C’est ainsi que l’équipe a observé, en moyenne, pour un adulte de 50 ans, qu’une consommation de deux unités d’alcool par jour, sur une longue période, a pour effet de faire vieillir le cerveau de deux ans de plus par rapport à un individu se limitant à une unité d’alcool par jour. À trois verres, le vieillissement supplémentaire était de trois ans et demi. Enfin, la différence entre zéro et quatre verres d’alcool par jour était, quant à elle, de plus de dix ans de vieillissement.
Des résultats en contradiction avec les recommandations officielles ?
Henry Kranzler, co-auteur et directeur du centre d’études des dépendances de l’école de médecine de Penn’s Perelman, souligne que « ces résultats contrastent avec les directives scientifiques et gouvernementales sur les limites de consommation d’alcool ». Il précise : « Par exemple, bien que le National Institute on Alcohol Abuse and Alcoholism [organisme qui sensibilise la population américaine aux dangers de l’alcool] recommande aux femmes de ne pas consommer en moyenne plus d’un verre par jour, pour les hommes les limites sont fixées au double, une quantité qui dépasse donc le niveau de consommation que, dans notre étude, nous avons trouvé associé à une diminution du volume du cerveau ».
Néanmoins, ces observations sont fortement nuancées par des chercheurs indépendants de l’étude, comme Emmanuela Gakidou, chercheuse en alcool et professeure de sciences de la santé à l’Université de Washington. Effectivement, de nombreuses recherches ont examiné le lien entre la consommation d’alcool et la santé du cerveau, avec des résultats ambigus. Bien qu’il existe des preuves solides que la consommation excessive d’alcool provoque des changements dans la structure du cerveau, y compris de fortes réductions de la matière grise et blanche dans le cerveau, d’autres études ont suggéré que des niveaux modérés de consommation d’alcool pourraient ne pas avoir d’impact. Une consommation légère pourrait même être bénéfique pour le cerveau des personnes âgées.

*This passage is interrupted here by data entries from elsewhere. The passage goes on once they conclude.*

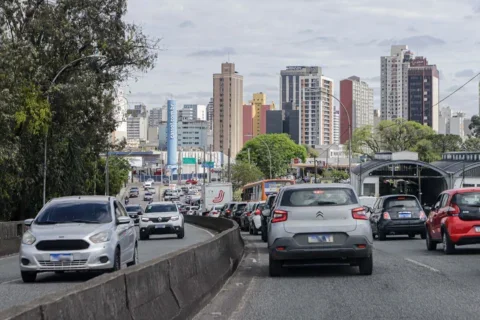 trânsito curitiba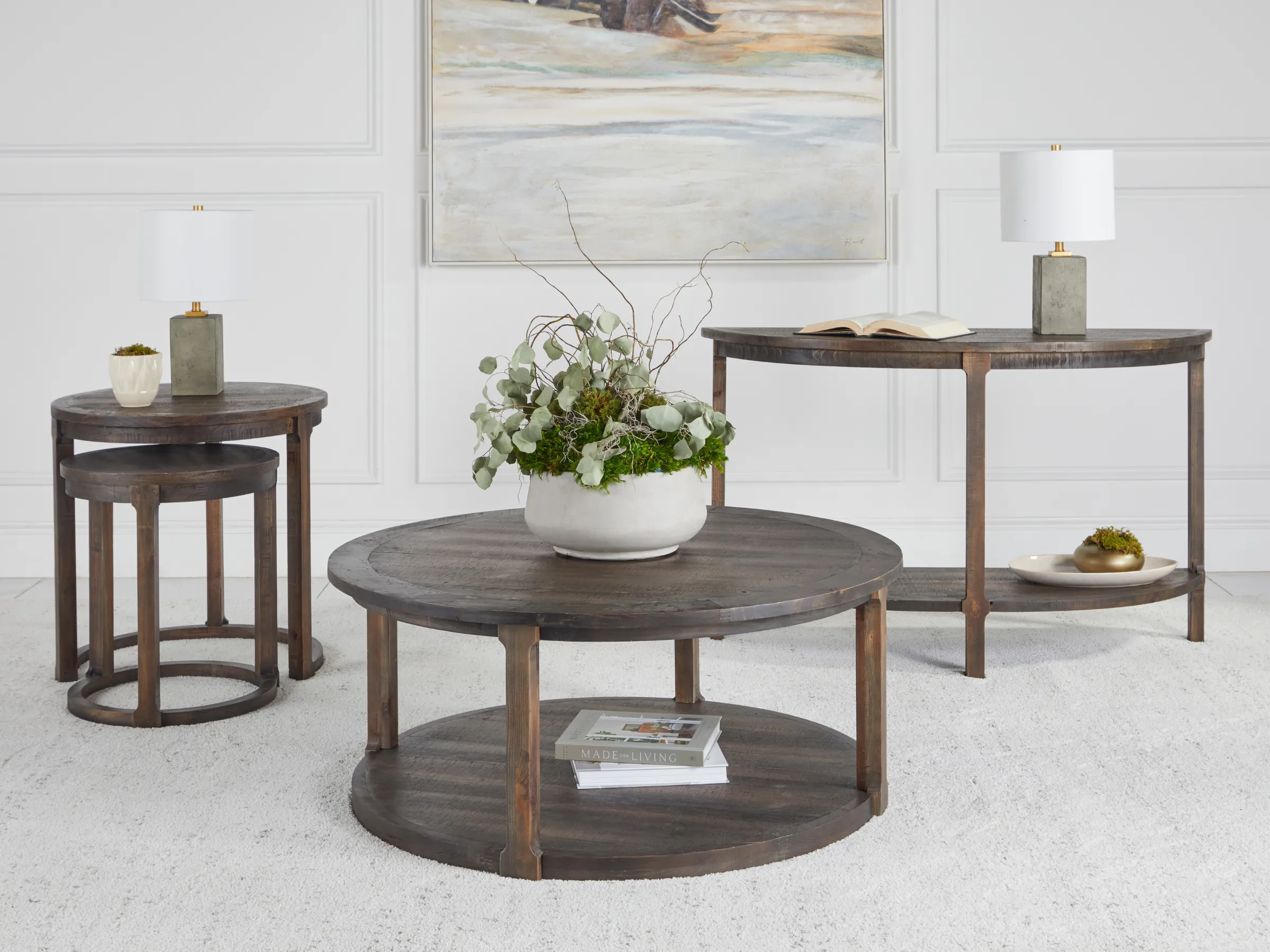 Graham 3-pc Occasional Table Collection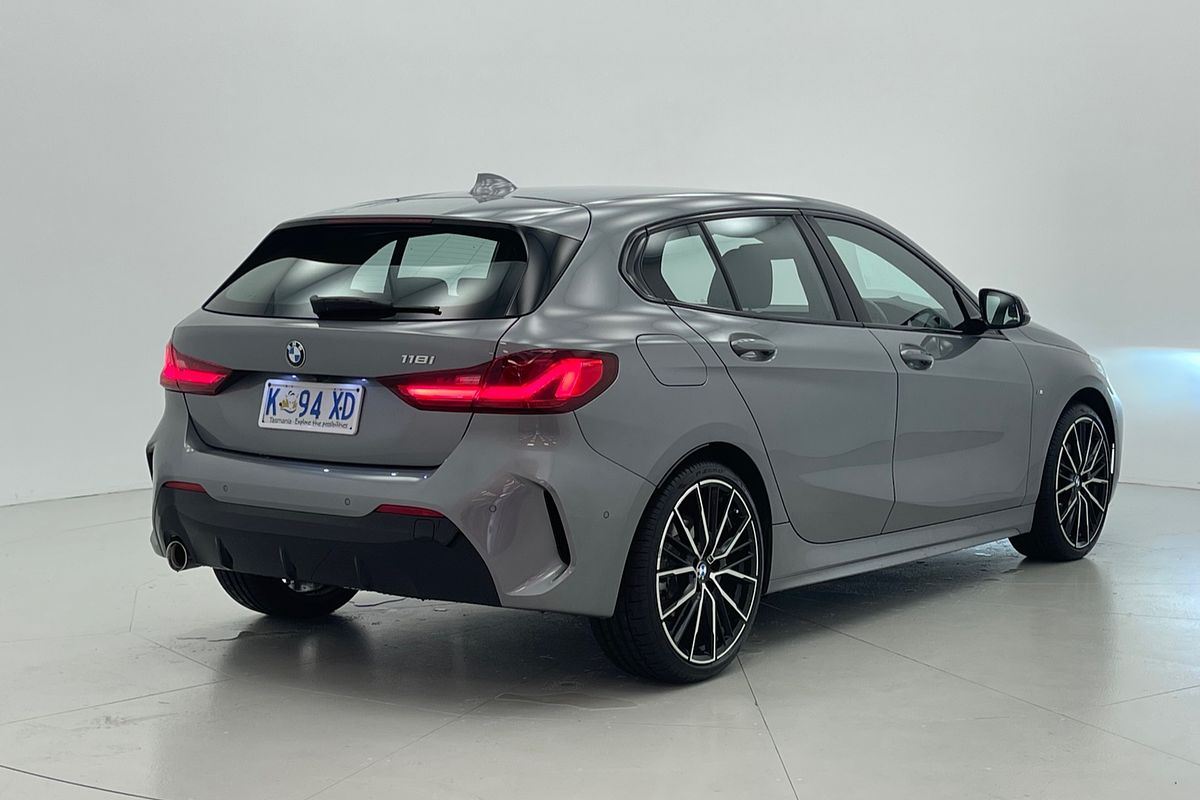 2022 BMW 1 Series 118i M Sport F40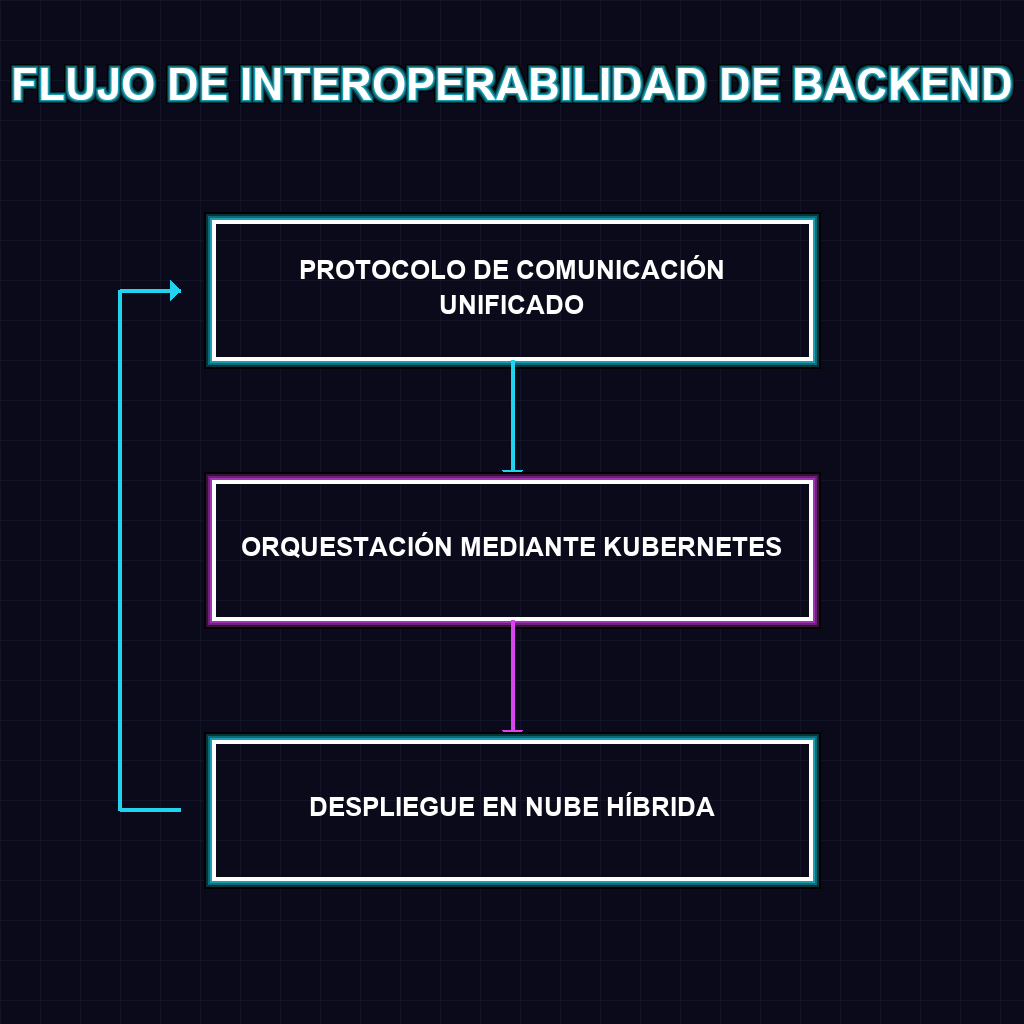 FLUJO DE INTEROPERABILIDAD DE BACKEND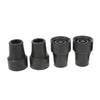 4 Pieces Walking Stick Ferrule Rubber Crutch Tips Bottom End Protector 19mm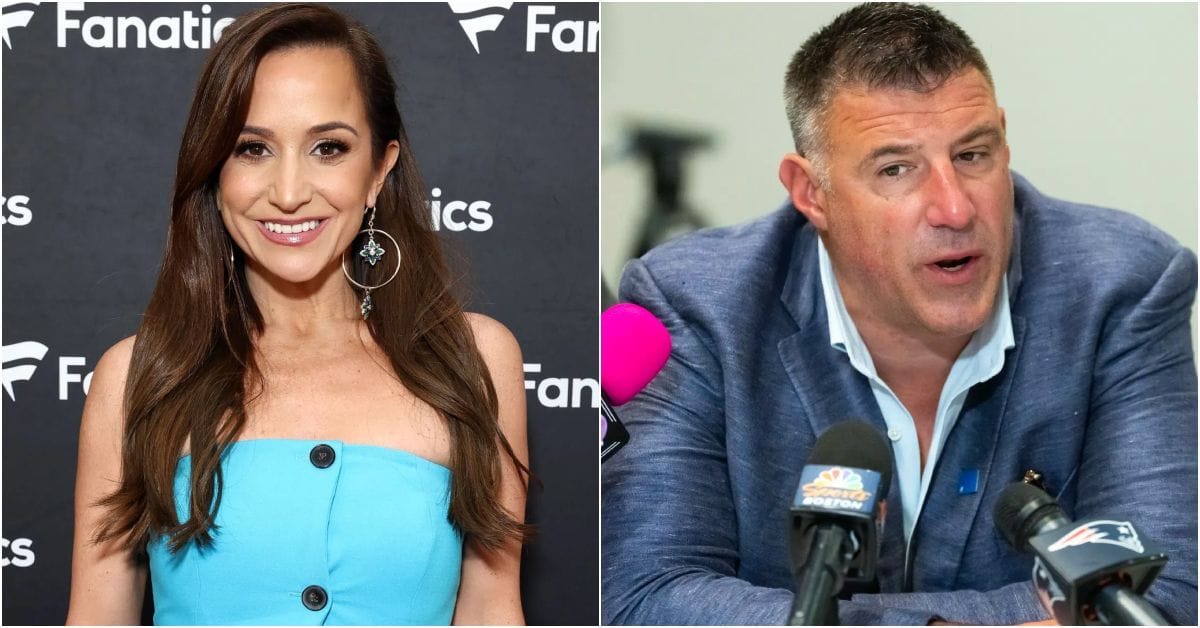 "I interlock with my boys all the time": Barstool Big Cat throws shade at Mike Vrabel's comments after being spotted holding hands with Diana Russini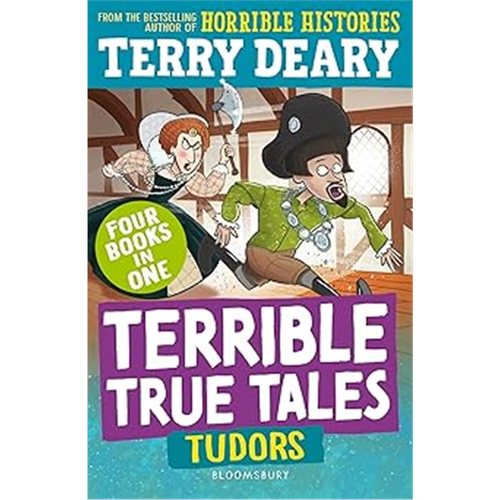 现货Terrible True Tales: Tudors[9781801997416]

De plus, les données sur les habitudes de consommation ne remontent qu’à l’année précédant les IRM. Des études ont d’ailleurs mis en évidence que le cerveau montre une certaine récupération avec l’arrêt de la consommation d’alcool. De surcroît, l’étude n’explicite pas l’engagement cognitif des personnes, c’est-à-dire le fait d’être engagé dans des activités intellectuelles stimulantes pour le travail ou les loisirs. En effet, pour ceux qui ne sont pas engagés dans de telles activités, il y a une détérioration cérébrale, en dehors de tout autre facteur.
C’est pourquoi les auteurs concluent qu’il existe bien une corrélation entre alcool et structure du cerveau, mais précisent qu’ils n’ont pu démontrer de lien de cause à effet. Les futures études devront éclaircir ce point, ce qui peut être possible avec de nouveaux ensembles de données biomédicales, suivant les jeunes à mesure qu’ils vieillissent. L’exploitation de l’UK Biobank pourra également apporter des précisions concernant d’autres profils de consommateurs. « Nous sommes curieux de savoir si boire une bière par jour vaut mieux que de ne pas en boire pendant la semaine, puis sept le week-end », conclut G. Nave.